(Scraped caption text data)
-- Opening Marker --

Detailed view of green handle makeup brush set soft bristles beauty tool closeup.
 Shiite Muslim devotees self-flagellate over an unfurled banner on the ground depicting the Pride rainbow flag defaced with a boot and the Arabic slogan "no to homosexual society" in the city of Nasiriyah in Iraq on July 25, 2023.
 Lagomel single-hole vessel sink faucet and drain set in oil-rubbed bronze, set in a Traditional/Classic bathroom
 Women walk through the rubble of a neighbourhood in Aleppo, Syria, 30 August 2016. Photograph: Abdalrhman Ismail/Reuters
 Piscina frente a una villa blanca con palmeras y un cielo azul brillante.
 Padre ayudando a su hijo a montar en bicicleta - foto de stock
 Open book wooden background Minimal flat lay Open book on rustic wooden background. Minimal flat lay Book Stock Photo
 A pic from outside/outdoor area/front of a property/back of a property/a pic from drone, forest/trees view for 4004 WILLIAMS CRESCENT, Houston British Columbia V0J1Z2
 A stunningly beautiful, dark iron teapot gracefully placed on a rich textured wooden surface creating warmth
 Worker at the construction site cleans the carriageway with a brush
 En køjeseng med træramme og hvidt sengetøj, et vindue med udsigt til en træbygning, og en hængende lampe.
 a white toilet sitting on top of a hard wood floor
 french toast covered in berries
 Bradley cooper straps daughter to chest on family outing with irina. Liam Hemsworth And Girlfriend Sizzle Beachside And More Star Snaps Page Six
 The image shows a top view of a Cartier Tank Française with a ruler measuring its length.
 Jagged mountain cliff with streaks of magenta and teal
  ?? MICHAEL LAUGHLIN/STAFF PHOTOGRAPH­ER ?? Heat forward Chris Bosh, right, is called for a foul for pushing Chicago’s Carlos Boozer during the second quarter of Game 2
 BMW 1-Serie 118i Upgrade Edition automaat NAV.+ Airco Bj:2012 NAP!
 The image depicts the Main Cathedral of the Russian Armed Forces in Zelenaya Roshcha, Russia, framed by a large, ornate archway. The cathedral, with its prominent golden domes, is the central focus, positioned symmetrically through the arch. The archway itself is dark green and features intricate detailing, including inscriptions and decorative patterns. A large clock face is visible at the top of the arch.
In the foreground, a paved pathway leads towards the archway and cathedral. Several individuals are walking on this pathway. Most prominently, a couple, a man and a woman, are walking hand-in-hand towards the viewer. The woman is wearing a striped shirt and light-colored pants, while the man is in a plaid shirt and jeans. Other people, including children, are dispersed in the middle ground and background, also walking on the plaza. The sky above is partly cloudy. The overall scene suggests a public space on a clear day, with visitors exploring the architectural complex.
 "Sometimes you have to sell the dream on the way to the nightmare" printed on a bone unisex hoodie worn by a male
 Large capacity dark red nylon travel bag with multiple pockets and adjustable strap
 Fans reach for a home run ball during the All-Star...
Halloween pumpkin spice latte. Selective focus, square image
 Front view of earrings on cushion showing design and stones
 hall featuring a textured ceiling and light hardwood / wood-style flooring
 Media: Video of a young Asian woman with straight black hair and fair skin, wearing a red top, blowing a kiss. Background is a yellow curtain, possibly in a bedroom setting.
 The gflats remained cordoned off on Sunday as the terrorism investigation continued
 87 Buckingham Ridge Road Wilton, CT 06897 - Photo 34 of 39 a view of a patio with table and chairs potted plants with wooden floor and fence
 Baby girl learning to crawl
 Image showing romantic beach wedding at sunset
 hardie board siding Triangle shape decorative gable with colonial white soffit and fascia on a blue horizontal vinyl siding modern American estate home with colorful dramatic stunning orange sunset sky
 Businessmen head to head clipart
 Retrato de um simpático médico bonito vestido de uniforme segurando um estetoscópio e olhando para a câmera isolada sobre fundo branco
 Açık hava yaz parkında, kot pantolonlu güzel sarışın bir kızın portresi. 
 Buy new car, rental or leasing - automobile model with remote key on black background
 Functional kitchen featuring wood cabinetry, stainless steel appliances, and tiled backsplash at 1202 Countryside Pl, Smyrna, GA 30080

-- Closing Marker --

▶ **To do**: All lines above from the one holding "quarter of Game 2" to the one holding "BMW 1-Serie 118i", inclusive, are to be copied exactly; no other line is wanted.

▶ **Result of this exercise**:
  ?? MICHAEL LAUGHLIN/STAFF PHOTOGRAPH­ER ?? Heat forward Chris Bosh, right, is called for a foul for pushing Chicago’s Carlos Boozer during the second quarter of Game 2
 BMW 1-Serie 118i Upgrade Edition automaat NAV.+ Airco Bj:2012 NAP!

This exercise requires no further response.